- [What you are asked to do]: Print, word for word, the opening line of the data below and every line after it through the line that contains "Anthropologie Tiny Embroidered", but not the pictures.

◆ ◆ ◆

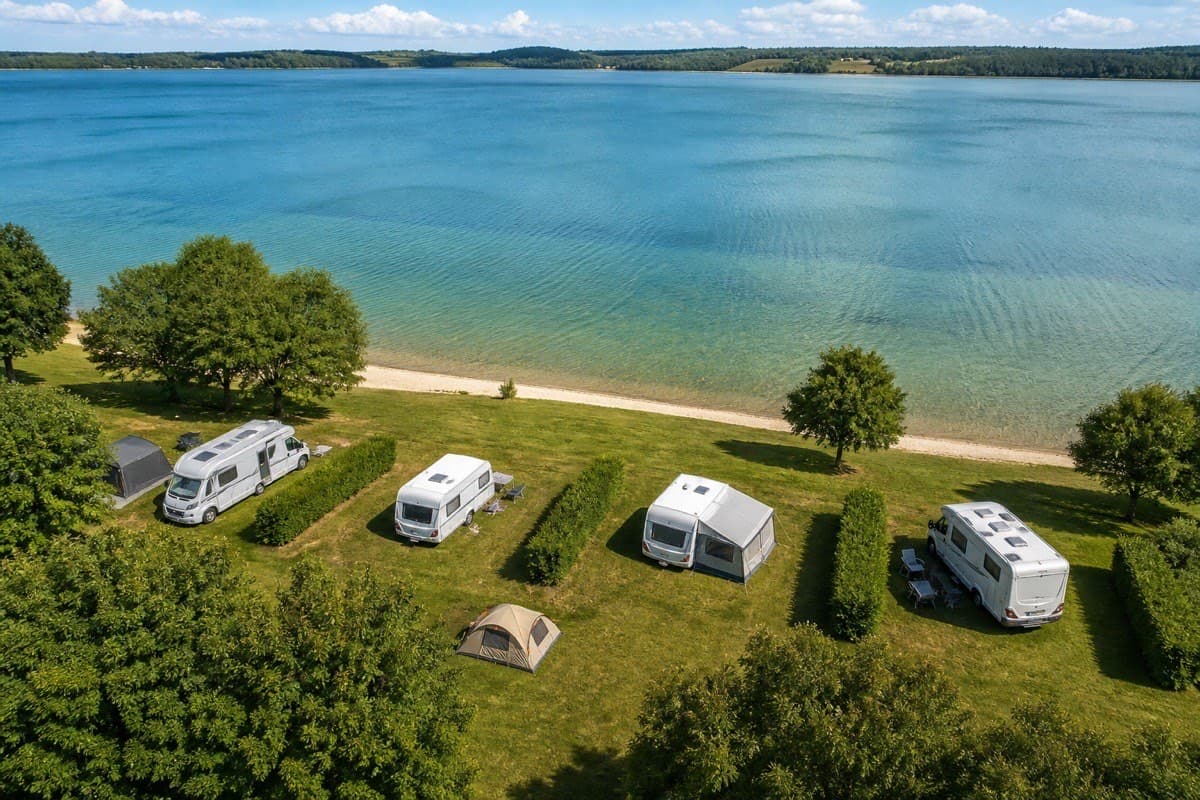 Kemping nad jeziorem z plażą i stanowiskami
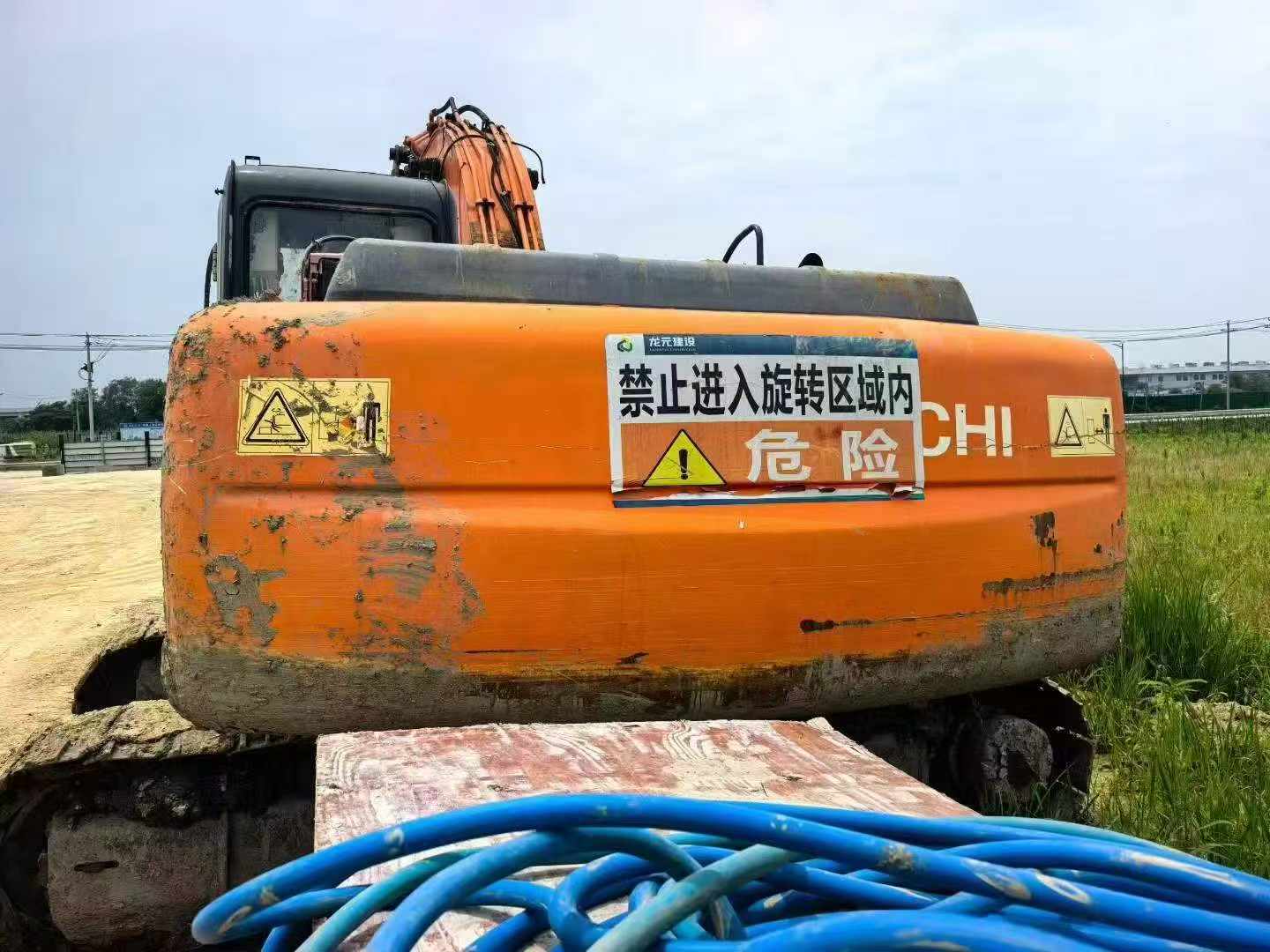 Buy Hitachi ZX200-6 Used Excavator / 3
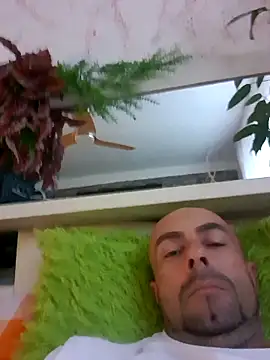 Snapshot of spidrman8 chatting on 09-09-25, 06:13 spidrman8 online show from 09-09-25, 06:13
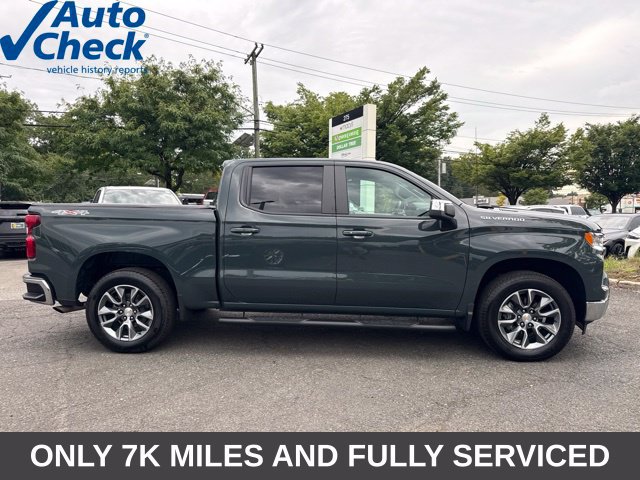 Used 2025 Chevrolet Silverado 1500 LT AWD/4WD image 18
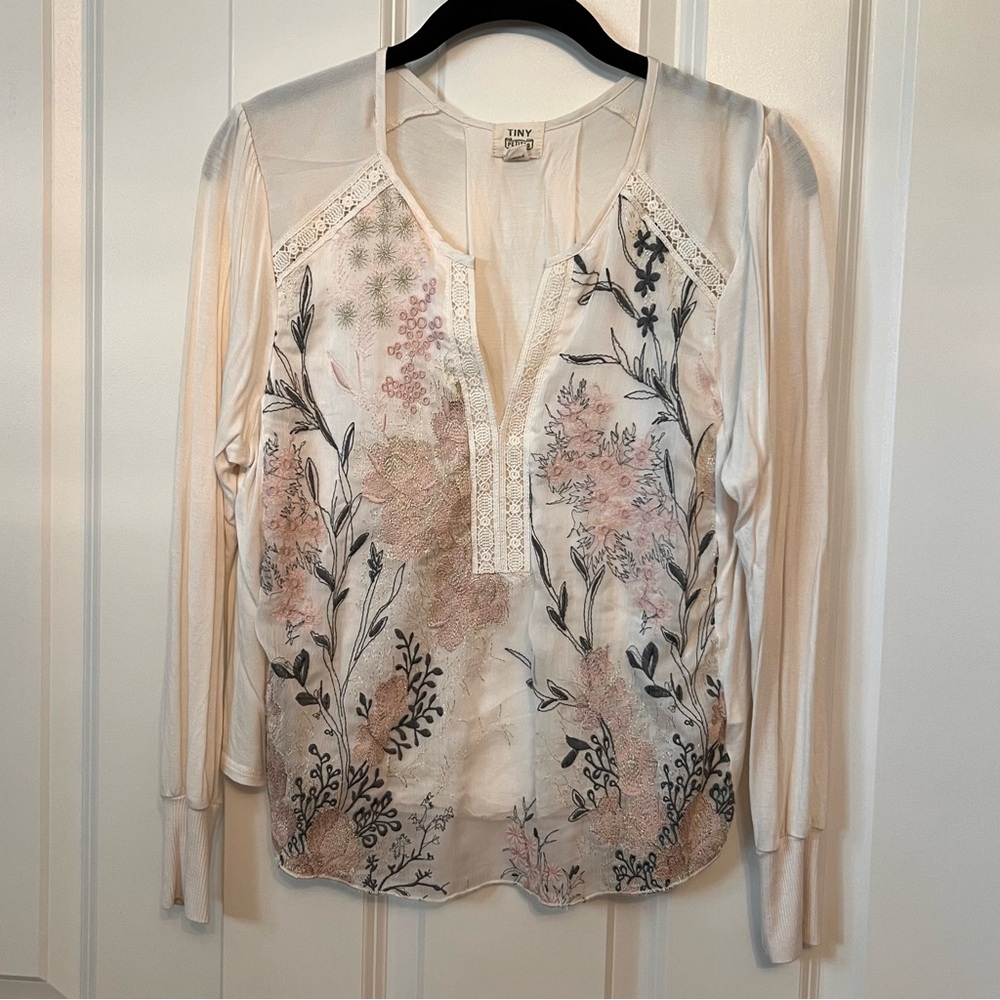 Anthropologie Tiny Embroidered Holden Long Sleeve Tee Top Small PETITE - Picture 2 of 10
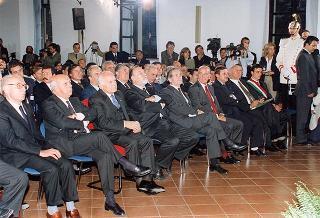 Il Presidente della Repubblica Oscar Luigi Scalfaro durante la sua partecipazione al Convegno "Costruiamo insieme le nostre Regioni" tenutosi nella sede delle Ex Scuderie di Palazzo Farnese a Caprarola (Viterbo)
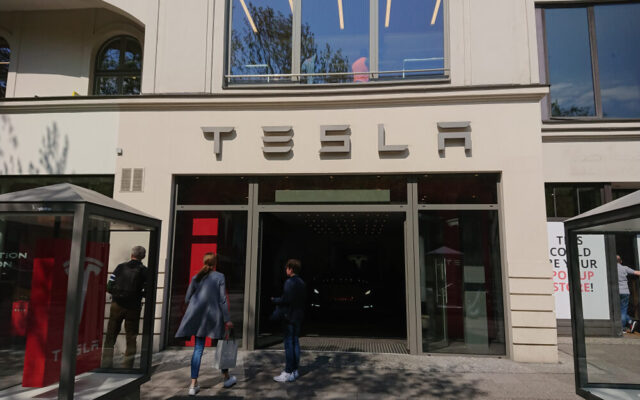Tesla e SpaceX fusione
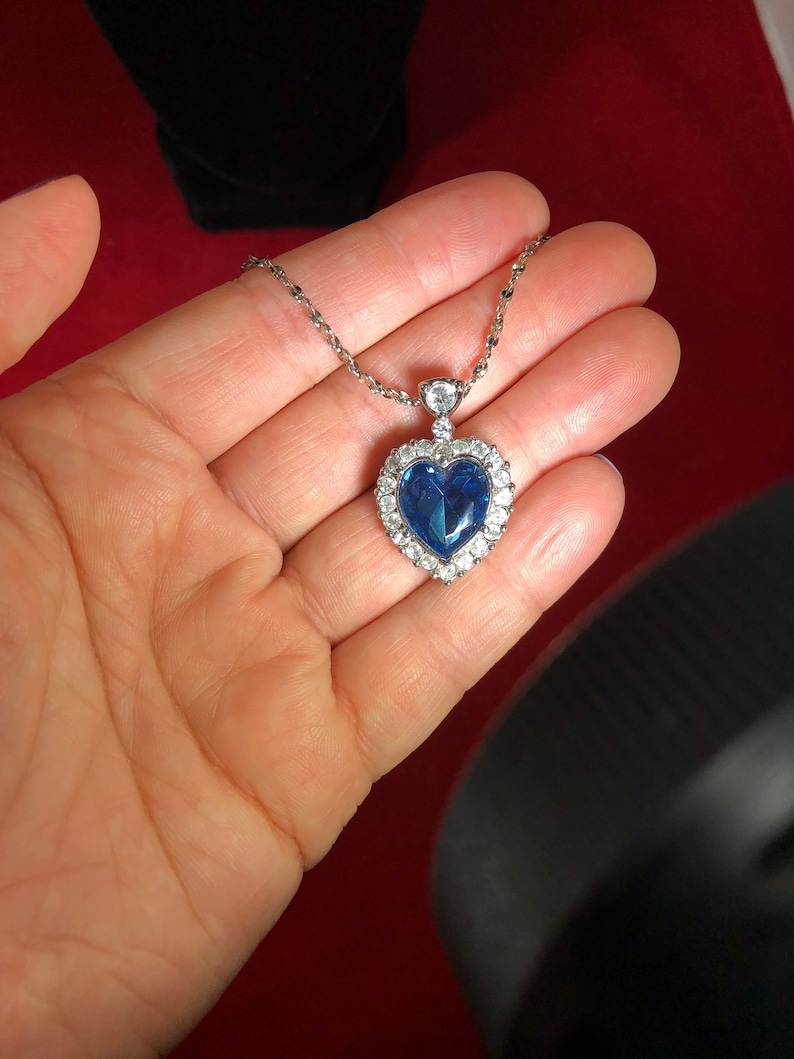 Vintage-Necklace-Heart-Rhinestones-Silver-Chain-Blue-Jewelry-Accessories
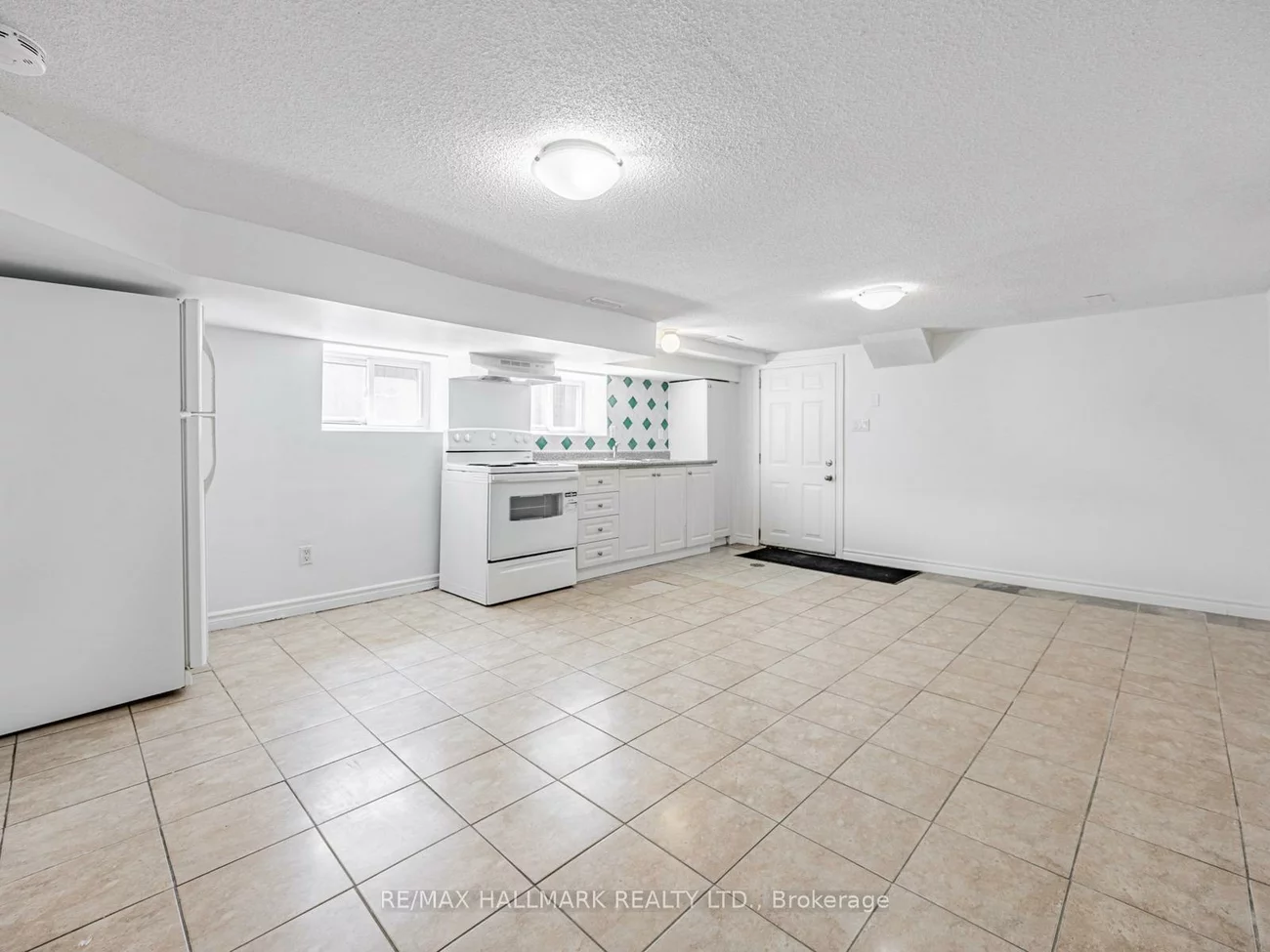 8, Redwood, Greenwood-Coxwell, Toronto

◆ ◆ ◆

- [Solution to this problem]:
 Kemping nad jeziorem z plażą i stanowiskami
 Buy Hitachi ZX200-6 Used Excavator / 3
 Snapshot of spidrman8 chatting on 09-09-25, 06:13 spidrman8 online show from 09-09-25, 06:13
 Used 2025 Chevrolet Silverado 1500 LT AWD/4WD image 18
 Anthropologie Tiny Embroidered Holden Long Sleeve Tee Top Small PETITE - Picture 2 of 10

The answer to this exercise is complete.